Est-ce qu'on va partir aujourd'hui ? Il est midi, et il y a une grève des contrôleurs aériens. Avant de partir, je maudis une dernière fois la bien-pensance, et certains ministres pour tout ce qu'ils ont fait de mal. Oui, on va partir aujourd'hui. On part avec deux heures de retard. Il est 14h00, mais, pour me préparer psychologiquement, ma montre est à 5h00. L'avion décolle, vire une fois vers la gauche, et ne s'écartera plus beaucoup de son grand cercle. Nous survolons la Grande-Bretagne, au moment où ses habitants prennent une décision cruciale. Nous passons près de Londres, puis, quelques minutes plus tard, nous survolons Glasgow, où, quelques jours plus tard, il y aura un accident dans une fête foraine. A posteriori, j'ai l'impression d'avoir porté la poisse aux territoires que j'ai survolés ce jour-là.
Après un long moment sans terre, j'aperçois l'Islande ! Cette belle île où je suis allé en 2014, aujourd'hui, je n'en vois que des sommets blancs qui dépassent des nuages. Je suis content de ne pas m'y arrêter cette fois, le tunnel est bien assez long comme ça. Mais quand j'y pense, quand on rajoute une longueur finie à une longueur infinie, ça fait une longueur infinie... non ?

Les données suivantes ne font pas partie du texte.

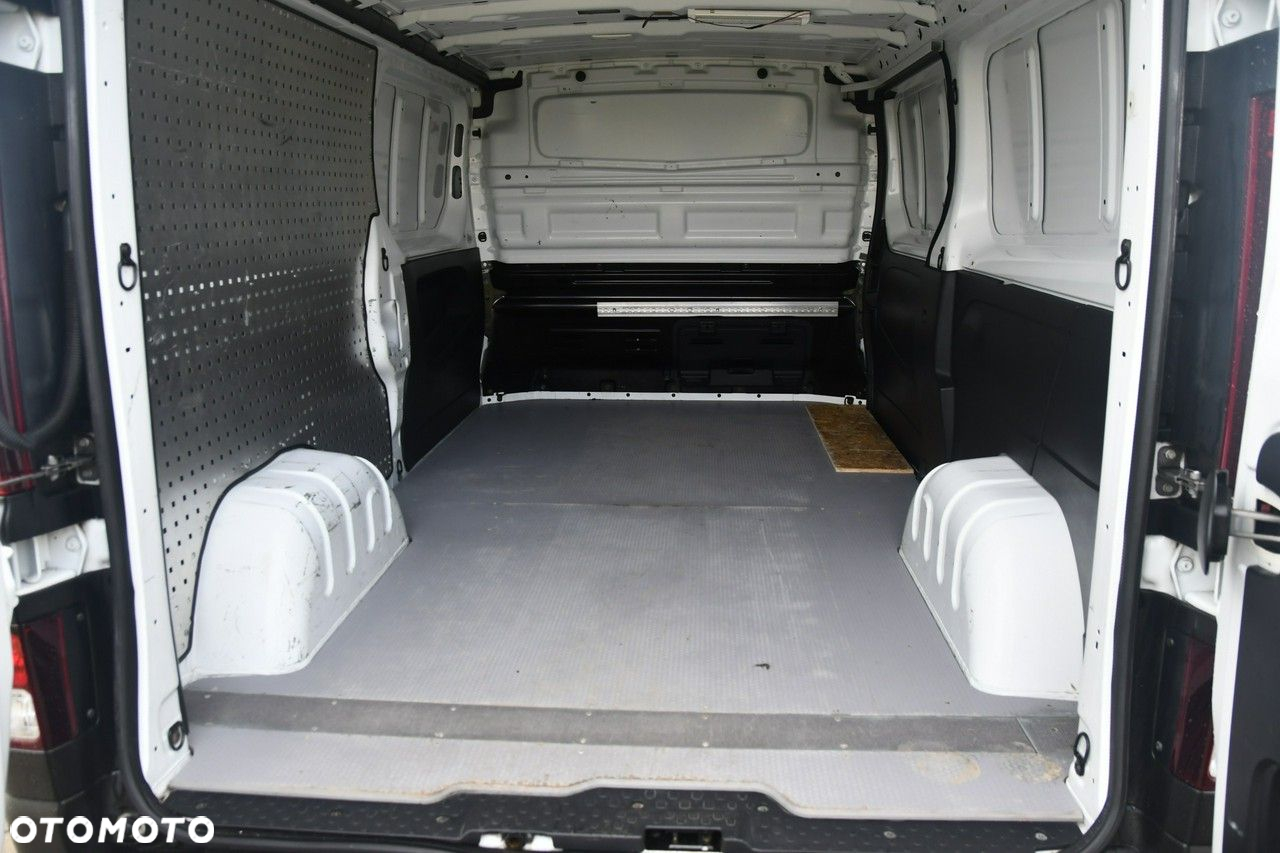 Renault Trafic - 20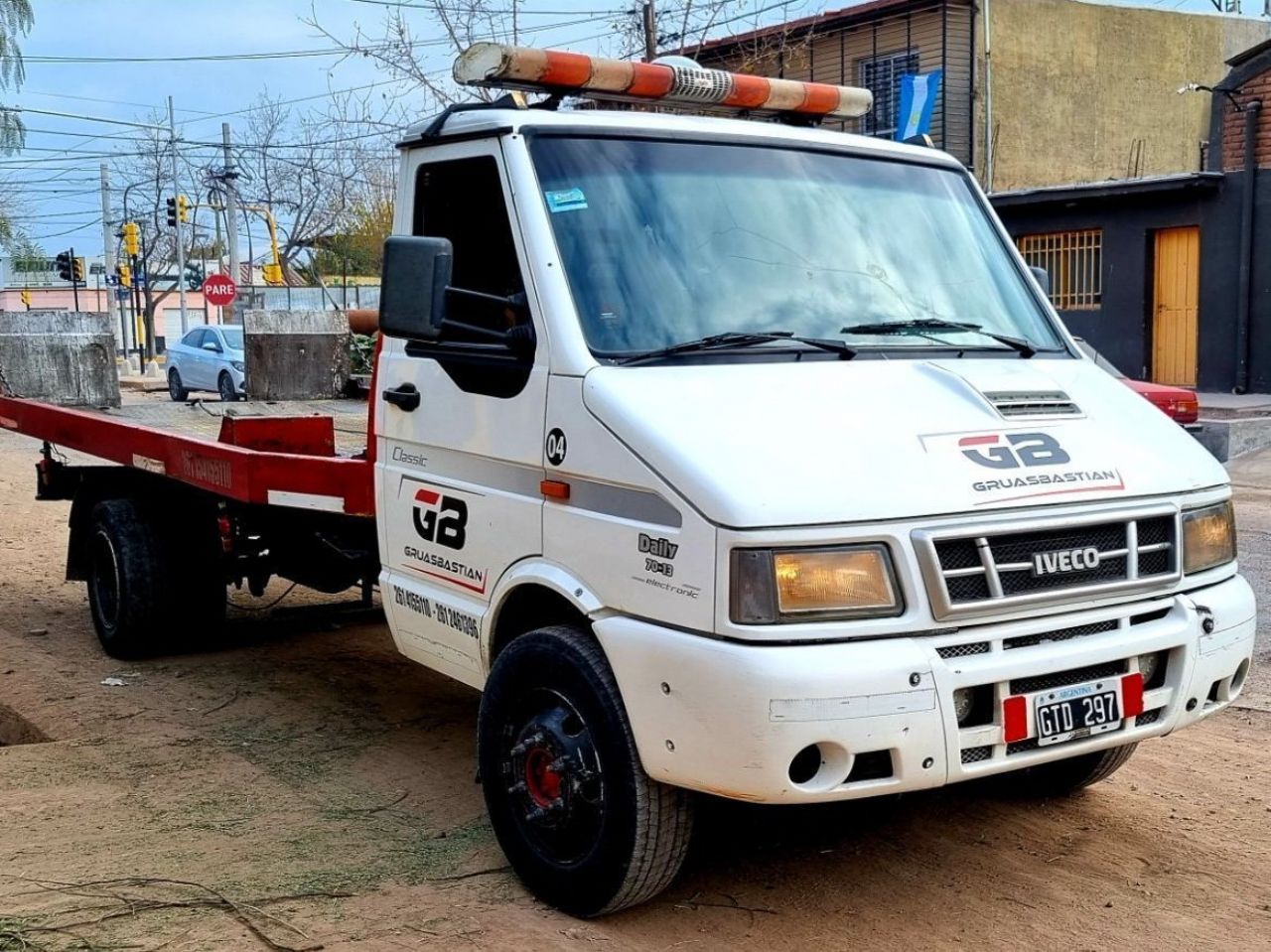 Iveco Daily Usada en Mendoza, deRuedas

Sur l'écran, je ne vois plus l'Islande, ça y est, c'est l'endroit le plus éloigné de chez moi où j'ai jamais été ! Pour la première fois, je sors de l'Europe, même si une partie de l'Islande est sur la plaque américaine. Après ça, il sera difficile de faire beaucoup plus loin...
Sur le Groenland, gros blanc, c'est le cas de le dire. Des nuages à perte de vue, comme si le Nord devait irrémédiablement rester blanc, malgré le nom de cette île. Si seulement c'était vrai... un peu plus loin, encore l'océan, puis la Terre de Baffin. C'est vraiment très loin de chez moi, et il est peu probable que j'y mette les pieds un jour. En me renseignant, j'apprends que cette île, presque aussi grande que la France, possède dix mille habitants. Je me demande qui sont ces gens, ce qu'ils font, comment ils vivent... j'y reviendrai.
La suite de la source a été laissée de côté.